Estimating the Effective Rank of Vision Transformers via Low-Rank Factorization
Liyu Zerihun
TL;DR
<3-5 sentence high-level summary> The paper introduces the concept of an effective rank region to quantify the intrinsic dimensionality of deep networks, treating rank as a measurement rather than a training objective. It combines low-rank factorization of a full-rank teacher with geometric distillation to map performance as a function of rank on ViT-B/32 trained on CIFAR-100, extracting an intrinsic dimensionality profile. The authors identify an effective rank band roughly from 16 to 34 with a knee near 31, achieving substantial parameter compression (≈11×) while maintaining most of the teacher's accuracy.
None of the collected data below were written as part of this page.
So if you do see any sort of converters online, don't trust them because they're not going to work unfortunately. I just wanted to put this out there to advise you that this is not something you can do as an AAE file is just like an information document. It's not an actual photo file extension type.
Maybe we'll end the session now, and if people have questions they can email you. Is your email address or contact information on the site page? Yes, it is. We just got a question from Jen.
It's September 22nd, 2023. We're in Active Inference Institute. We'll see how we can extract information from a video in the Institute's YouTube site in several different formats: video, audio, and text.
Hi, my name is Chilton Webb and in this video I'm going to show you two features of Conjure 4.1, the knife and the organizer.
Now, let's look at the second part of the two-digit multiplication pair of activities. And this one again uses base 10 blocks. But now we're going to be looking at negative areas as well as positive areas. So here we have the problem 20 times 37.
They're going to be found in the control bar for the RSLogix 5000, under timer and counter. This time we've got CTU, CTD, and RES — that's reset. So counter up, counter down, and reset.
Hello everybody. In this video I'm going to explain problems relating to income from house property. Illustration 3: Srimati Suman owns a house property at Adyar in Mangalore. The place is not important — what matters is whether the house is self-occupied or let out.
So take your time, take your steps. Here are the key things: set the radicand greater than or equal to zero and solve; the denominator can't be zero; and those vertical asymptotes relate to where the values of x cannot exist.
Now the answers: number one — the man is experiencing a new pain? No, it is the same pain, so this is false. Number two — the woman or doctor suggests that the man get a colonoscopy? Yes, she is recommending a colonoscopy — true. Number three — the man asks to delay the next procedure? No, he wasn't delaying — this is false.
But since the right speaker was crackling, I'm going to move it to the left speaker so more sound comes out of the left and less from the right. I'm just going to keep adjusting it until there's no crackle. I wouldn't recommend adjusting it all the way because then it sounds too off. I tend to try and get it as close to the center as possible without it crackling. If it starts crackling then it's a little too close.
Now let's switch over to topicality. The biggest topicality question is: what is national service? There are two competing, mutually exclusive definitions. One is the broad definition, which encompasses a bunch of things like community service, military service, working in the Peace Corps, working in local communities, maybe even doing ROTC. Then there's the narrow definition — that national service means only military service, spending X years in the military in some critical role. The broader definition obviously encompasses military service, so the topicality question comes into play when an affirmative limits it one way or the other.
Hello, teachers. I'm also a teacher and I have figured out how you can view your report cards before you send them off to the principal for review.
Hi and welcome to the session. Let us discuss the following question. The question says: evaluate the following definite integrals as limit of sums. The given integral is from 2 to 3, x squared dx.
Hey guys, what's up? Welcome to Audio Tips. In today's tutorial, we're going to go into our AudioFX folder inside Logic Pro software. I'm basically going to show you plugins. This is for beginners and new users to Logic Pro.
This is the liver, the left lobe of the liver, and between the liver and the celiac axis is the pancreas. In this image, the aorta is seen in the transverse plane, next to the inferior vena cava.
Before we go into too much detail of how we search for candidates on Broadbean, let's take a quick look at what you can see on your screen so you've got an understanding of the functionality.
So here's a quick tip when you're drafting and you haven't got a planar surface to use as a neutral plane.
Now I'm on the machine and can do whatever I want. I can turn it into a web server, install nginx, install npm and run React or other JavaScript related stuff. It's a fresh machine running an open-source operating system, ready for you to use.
This framework provides a practical tool for characterizing and comparing the intrinsic dimensionality of architectures and datasets, with implications for deployment and cross-model analyses.
Abstract
Deep networks are heavily over-parameterized, yet their learned representations often admit low-rank structure. We introduce a framework for estimating a model's intrinsic dimensionality by treating learned representations as projections onto a low-rank subspace of the model's full capacity. Our approach: train a full-rank teacher, factorize its weights at multiple ranks, and train each factorized student via distillation to measure performance as a function of rank. We define effective rank as a region, not a point: the smallest contiguous set of ranks for which the student reaches 85-95% of teacher accuracy. To stabilize estimates, we fit accuracy vs. rank with a monotone PCHIP interpolant and identify crossings of the normalized curve. We also define the effective knee as the rank maximizing perpendicular distance between the smoothed accuracy curve and its endpoint secant; an intrinsic indicator of where marginal gains concentrate. On ViT-B/32 fine-tuned on CIFAR-100 (one seed, due to compute constraints), factorizing linear blocks and training with distillation yields an effective-rank region of approximately [16, 34] and an effective knee at r* ~ 31. At rank 32, the student attains 69.46% top-1 accuracy vs. 73.35% for the teacher (~94.7% of baseline) while achieving substantial parameter compression. We provide a framework to estimate effective-rank regions and knees across architectures and datasets, offering a practical tool for characterizing the intrinsic dimensionality of deep models.